▶ _AIM OF THE EXERCISE_: Transcribe nothing except the lines below that run from the one with "GoveeLife Air-Purifier Replacement" to the one with "Тестування з sql", ends included, and do not copy any picture.

▶ _ENTRIES SUPPLIED_:

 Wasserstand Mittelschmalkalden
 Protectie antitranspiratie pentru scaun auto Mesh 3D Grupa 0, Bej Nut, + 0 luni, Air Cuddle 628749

* * *

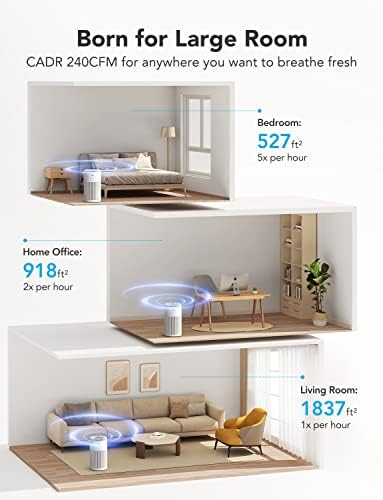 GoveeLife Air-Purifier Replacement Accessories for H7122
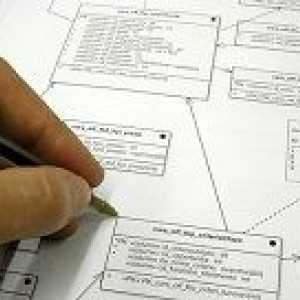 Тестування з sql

▶ _SOLUTION TO THIS PROBLEM_:
 GoveeLife Air-Purifier Replacement Accessories for H7122
 Тестування з sql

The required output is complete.